**Problem statement**: Your answer must be only the lines below from the one containing "Ein Virus unter dem Mikroskop" through the one containing "Illustration of the coronavirus", copied exactly, with the pictures left out.

**The records**:
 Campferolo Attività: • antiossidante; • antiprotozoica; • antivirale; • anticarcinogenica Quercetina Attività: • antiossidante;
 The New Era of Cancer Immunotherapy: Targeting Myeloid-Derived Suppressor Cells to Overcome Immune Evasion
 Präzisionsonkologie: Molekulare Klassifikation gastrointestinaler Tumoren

* * *

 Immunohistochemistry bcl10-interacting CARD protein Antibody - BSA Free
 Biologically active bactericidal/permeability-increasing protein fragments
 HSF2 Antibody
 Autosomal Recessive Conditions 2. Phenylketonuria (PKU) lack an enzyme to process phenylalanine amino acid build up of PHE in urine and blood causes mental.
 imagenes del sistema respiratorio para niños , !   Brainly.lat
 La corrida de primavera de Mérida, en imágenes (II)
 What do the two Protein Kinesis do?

...

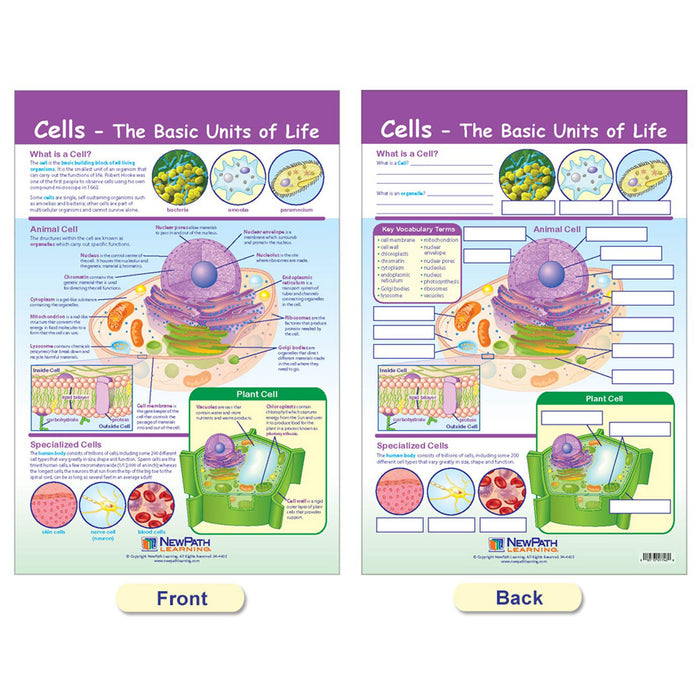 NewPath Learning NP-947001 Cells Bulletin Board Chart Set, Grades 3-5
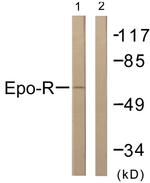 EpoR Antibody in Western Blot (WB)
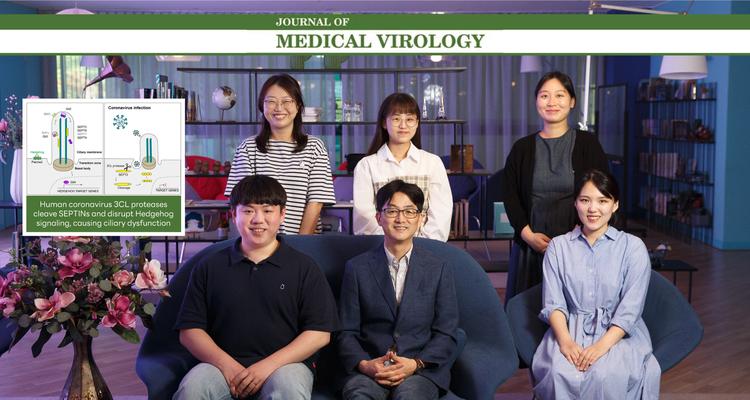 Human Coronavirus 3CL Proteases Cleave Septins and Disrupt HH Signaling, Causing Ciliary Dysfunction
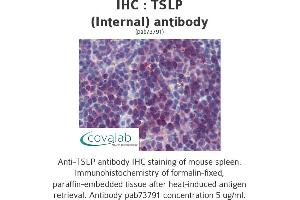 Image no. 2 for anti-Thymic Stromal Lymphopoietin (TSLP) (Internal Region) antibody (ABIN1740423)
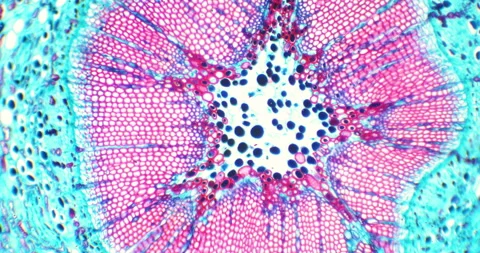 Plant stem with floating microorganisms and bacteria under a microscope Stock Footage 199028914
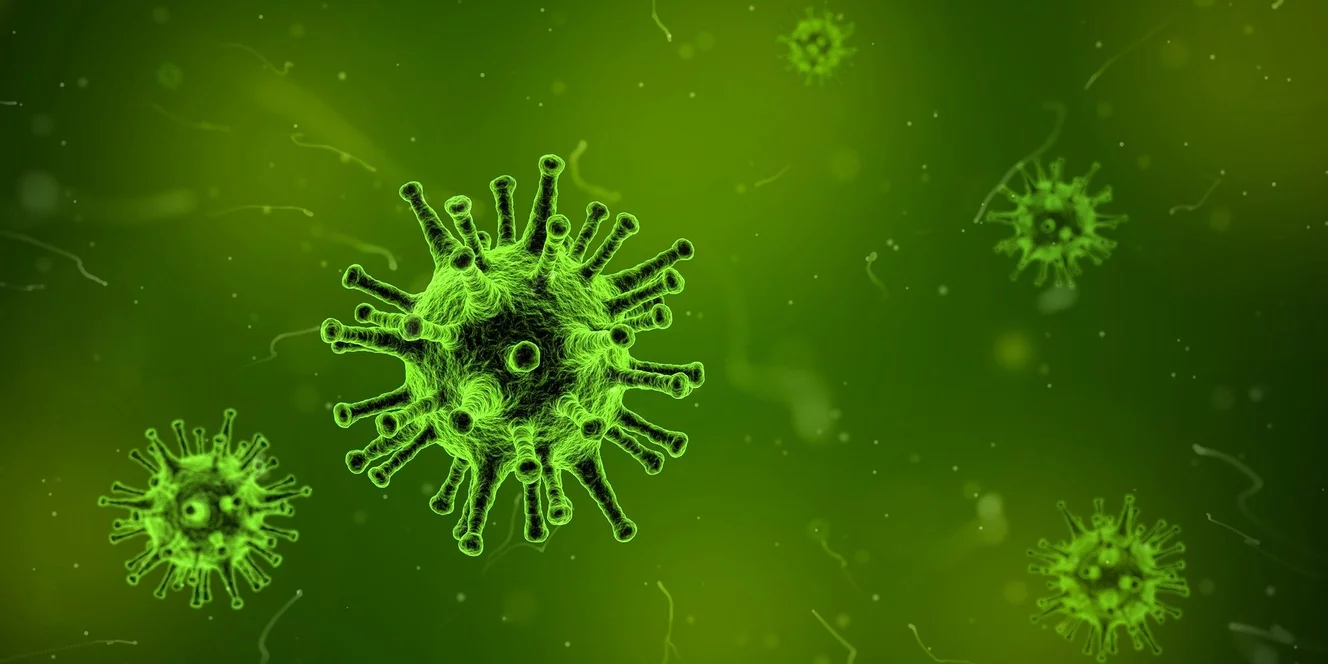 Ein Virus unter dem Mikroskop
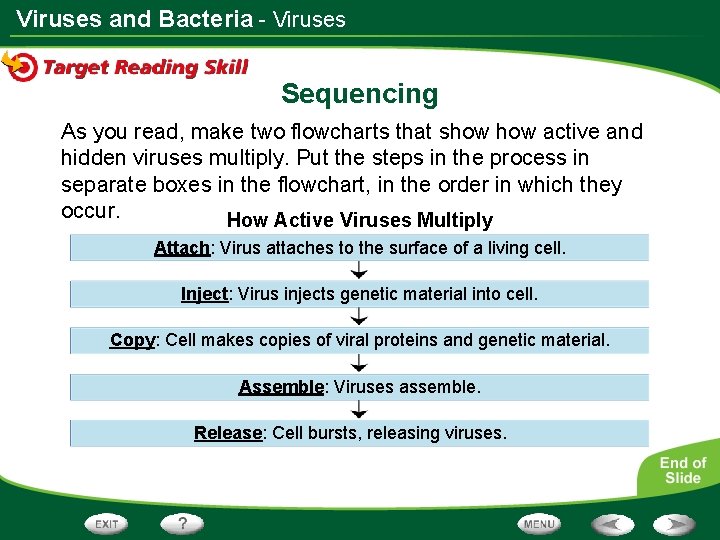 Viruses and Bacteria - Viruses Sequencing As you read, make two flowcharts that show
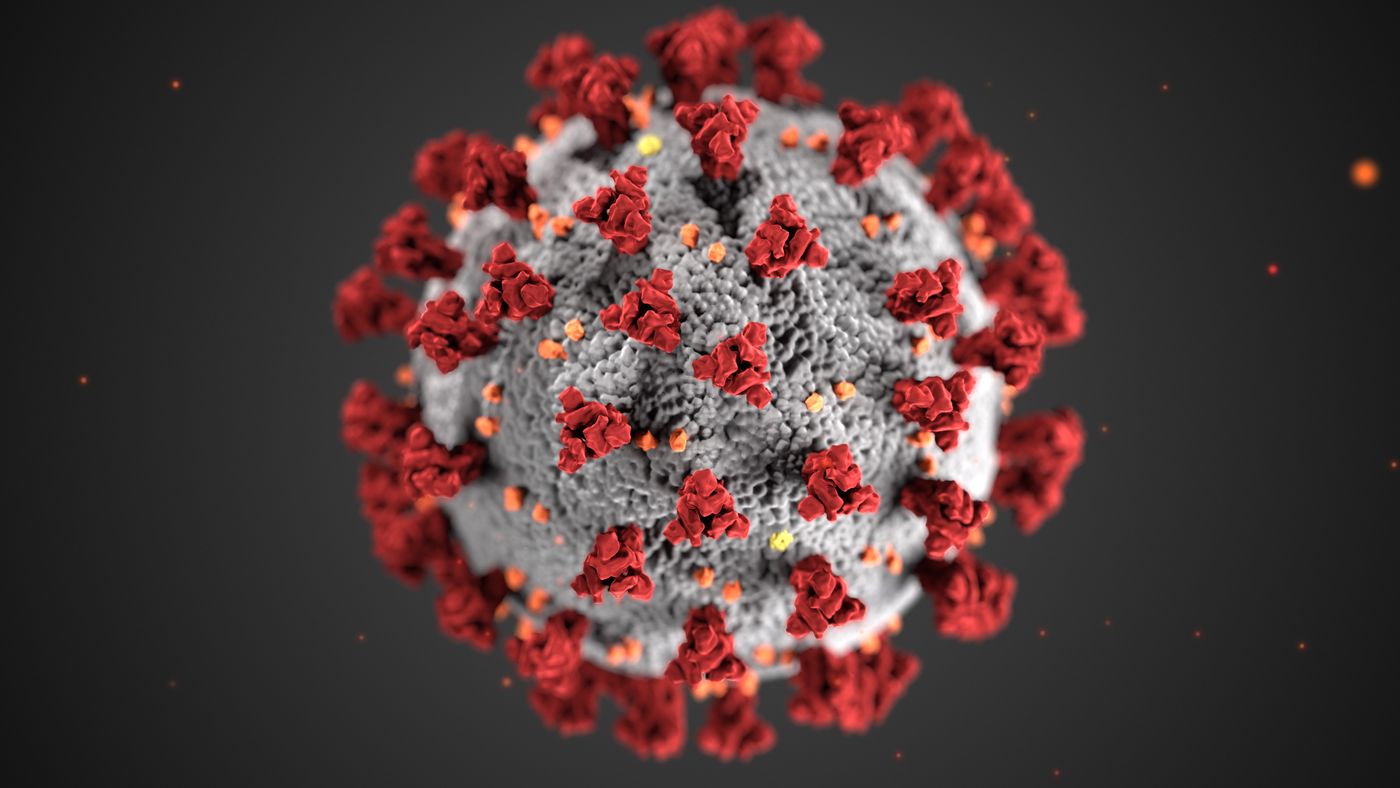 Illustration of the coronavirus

**Answer section**:
 Ein Virus unter dem Mikroskop
 Viruses and Bacteria - Viruses Sequencing As you read, make two flowcharts that show
 Illustration of the coronavirus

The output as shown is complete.